Why We do what we do: Assessing ransomware groups in 2023
Why do we spend so much time and energy finding and analyzing ransomware groups, you ask?
Part of the answer, of course, is that it’s our business. We generate insights about ransomware risks (among other types of threats) to keep our clients safe.
But our mission goes deeper than that. We’re also interested in helping the world at large become ransomware-free. In that respect, we don’t see ourselves as competitors with other threat intelligence companies that also research ransomware groups. Instead, we’re collaborators and colleagues working together to help organizations take a proactive stance against ransomware threats.
That’s why, for example, we often reveal ransomware actors to law enforcement, so that they can take appropriate action. Our main goal is not to find information and hoard it for ourselves and our clients alone; it’s to help protect everyone against ransomware threats.

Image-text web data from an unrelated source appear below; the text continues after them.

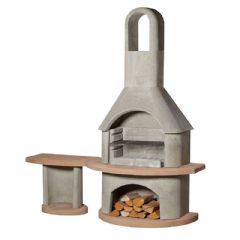 Buschbeck Stone BBQ Fireplace - Carmen Set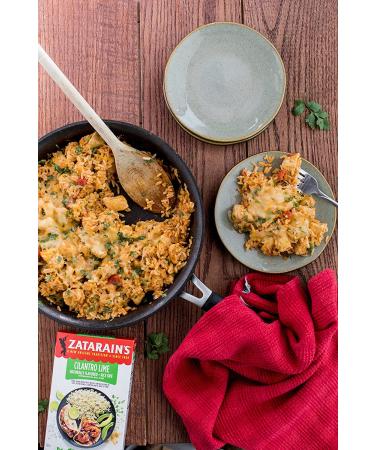 Zatarain's Cilantro Lime Rice 6.9 oz - Pack of 12 - Authentic New Orleans Flavor - Buy Online on GoSupps.com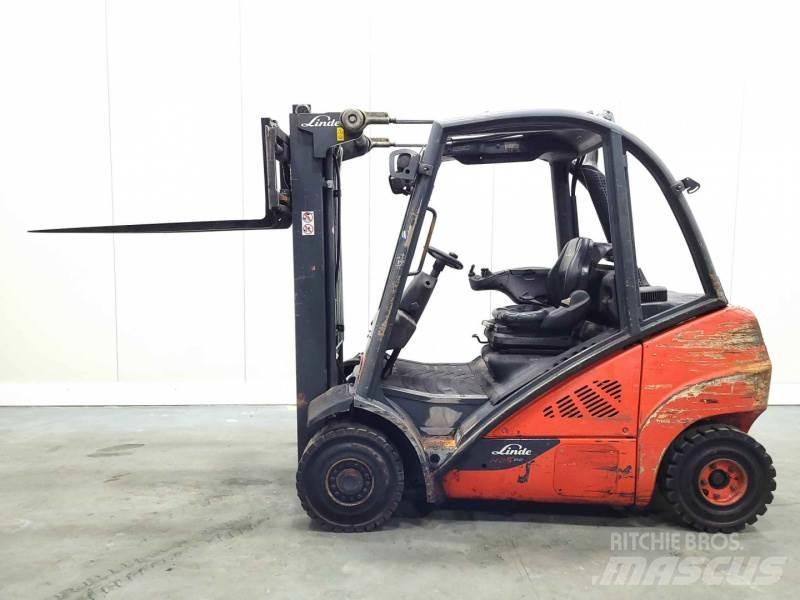 Linde H25D-02 392 Diesel Stapler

Ransomware group discovery: A real-world example
As an example of how the process we’ve described above plays out in real life, where we analyzed and revealed the new Cloak ransomware group, which we analyzed and revealed publicly this year.

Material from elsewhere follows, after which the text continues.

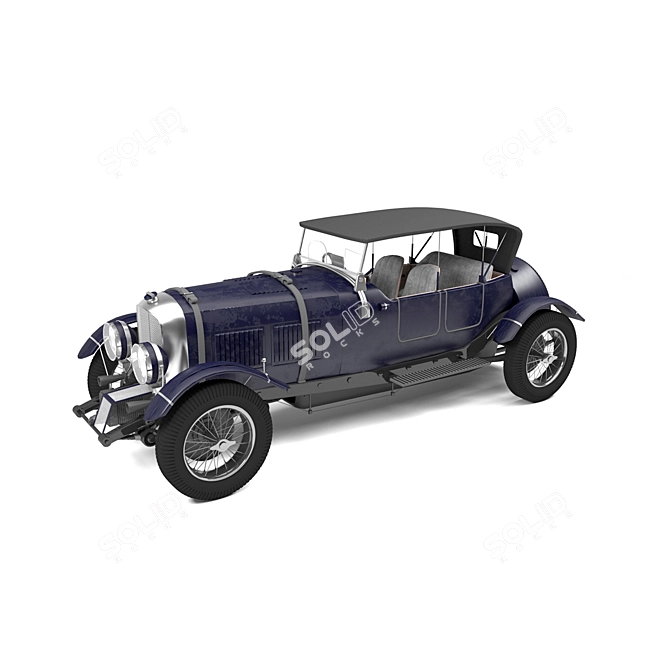 Retro Ride: Bentli_1929 3D model image 4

In this instance, we worked with other sources who identified the group’s advertising activity in underground forums. From there, research led us to the organization’s onion site, which we began exploring to determine who the group includes, which forums they use and which infrastructure they depend on.
Fortunately, they were working to recruit new members, so we had a fair amount of posting activity to draw on. Indeed, in general, it’s easiest to find data about ransomware groups when they are in their early stages.
With these insights, we were able to establish the primary motive of the group (financial gain), their main areas of focus (Europe, although they had significant operations elsewhere as well) and which data they had compromised to date.
This is exactly the kind of data you’d need to determine whether your business is likely to be targeted by the Cloak ransomware group, and how the attack may happen. With that information, you can take steps to protect yourself – which is exactly what we want to help every organization do.
Threat Intelligence & Mitigating Ransomware Threats
It would be nice if ransomware attackers announced their identities, motives and strategies publicly. But they don’t. Unlike legitimate businesses, ransomware groups issue no quarterly reports or press conferences.
They do, however, elicit plenty of information that skilled analysts can use to establish a profile of their operations, then leverage that data to mitigate threats. That’s what we do all day long at Cyberint.